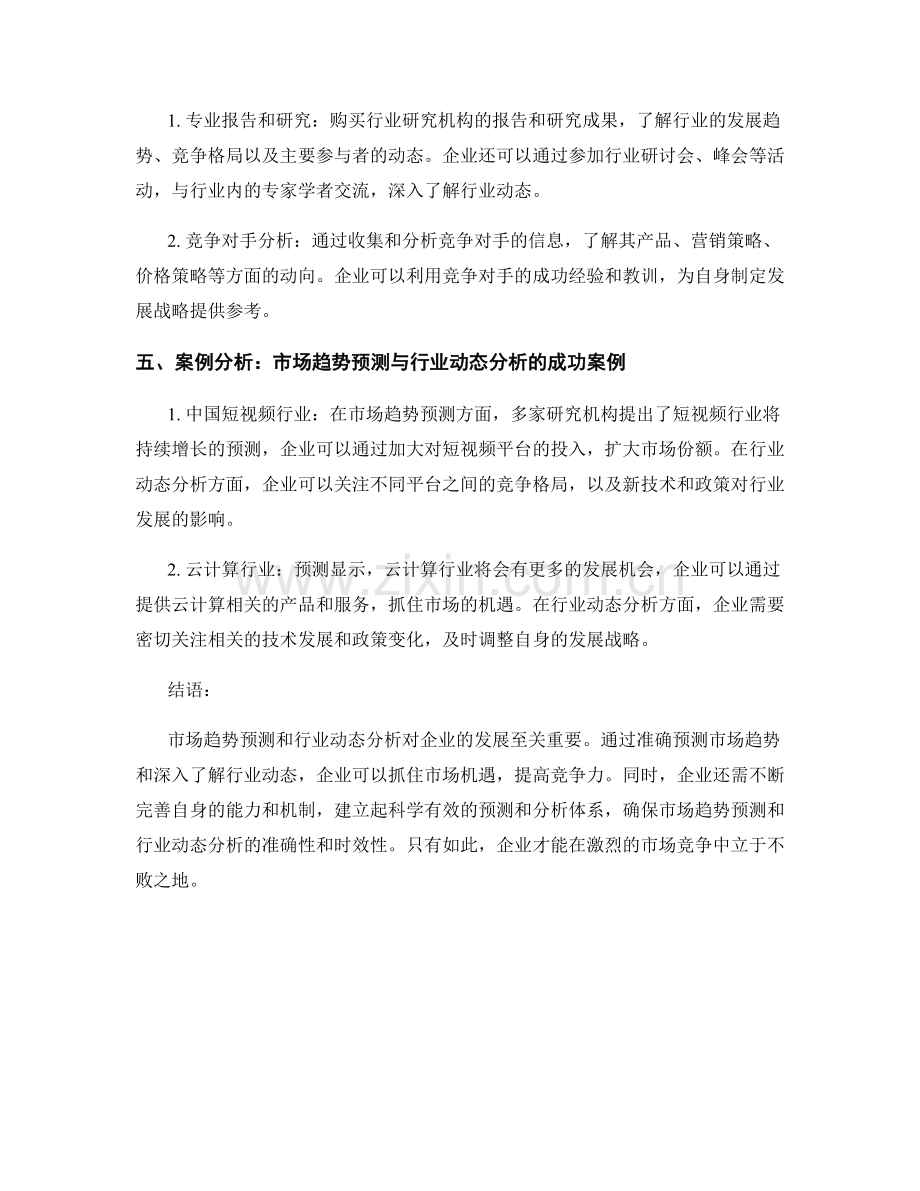 报告中的市场趋势预测与行业动态分析.docx_第2页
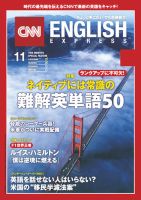 CNN ENGLISH EXPRESS 11月号 表紙
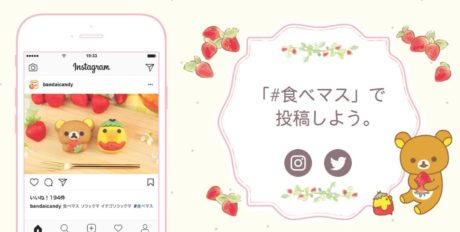 リラックマたちとストロベリーパーティ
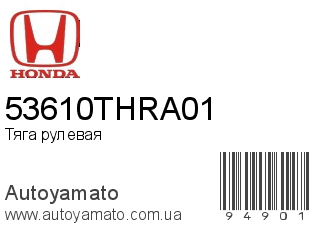 Тяга рулевая 53610THRA01 (HONDA)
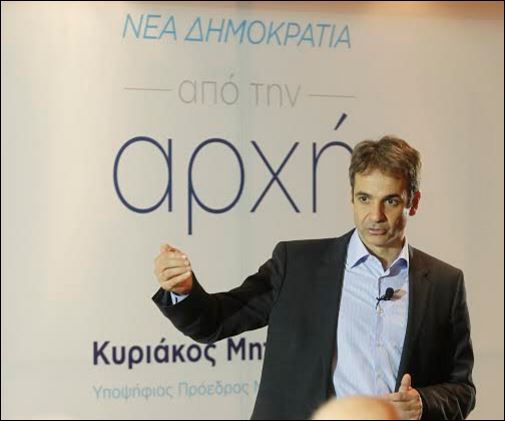 Μητσοτάκης: Εξεταστική επιτροπή για την τεράστια ζημιά στο τραπεζικό σύστημα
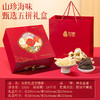 【礼盒】神农金康 海参鲍鱼羊肚菌鱼翅西洋参山珍礼盒151g 山珍海味礼盒五拼装 新中式滋补礼 原生态真滋补 喝护家人健康 商品缩略图2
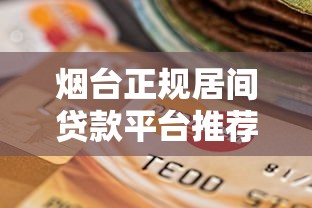 烟台正规居间贷款平台推荐及选择指南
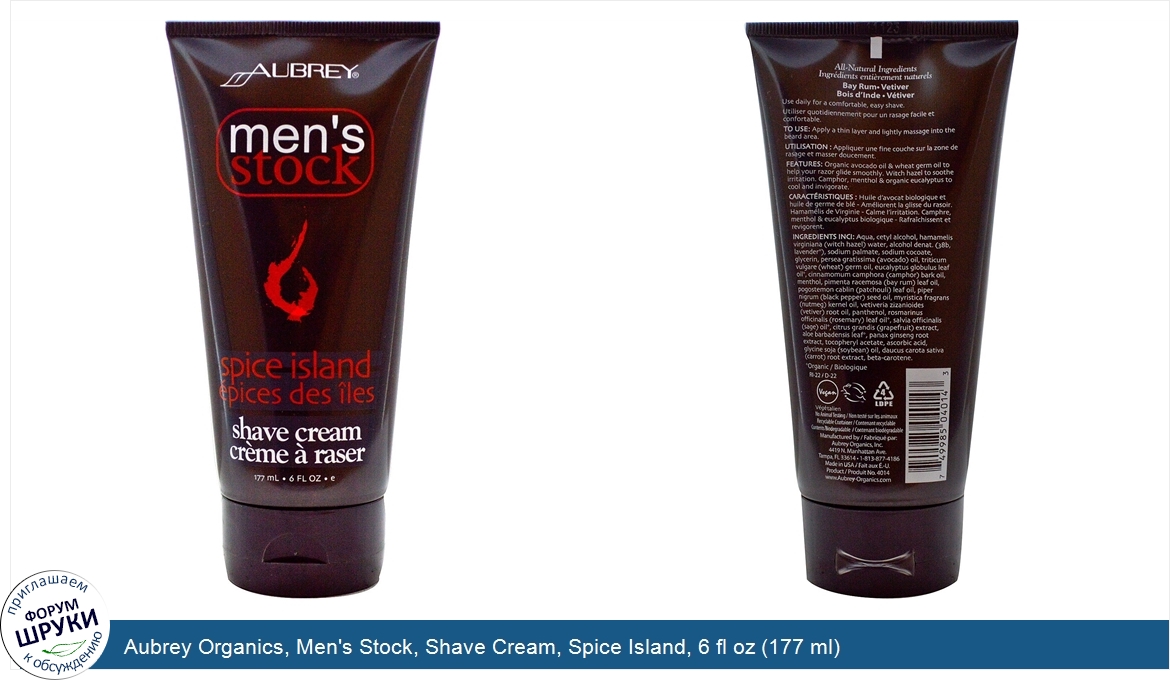 Aubrey_Organics__Men_s_Stock__Shave_Cream__Spice_Island__6_fl_oz__177_ml_.jpg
──────────────────────────────
_WHAT YOU NEED TO DO_.
Repeat the entries exactly and keep the pictures out of the copy.

_EXERCISE ANSWER_.
 报告中的市场趋势预测与行业动态分析.docx_第2页
 CNN ENGLISH EXPRESS 11月号 表紙
 リラックマたちとストロベリーパーティ
 Тяга рулевая 53610THRA01 (HONDA)
 Μητσοτάκης: Εξεταστική επιτροπή για την τεράστια ζημιά στο τραπεζικό σύστημα
 【礼盒】神农金康 海参鲍鱼羊肚菌鱼翅西洋参山珍礼盒151g 山珍海味礼盒五拼装 新中式滋补礼 原生态真滋补 喝护家人健康 商品缩略图2
 烟台正规居间贷款平台推荐及选择指南
 Aubrey_Organics__Men_s_Stock__Shave_Cream__Spice_Island__6_fl_oz__177_ml_.jpg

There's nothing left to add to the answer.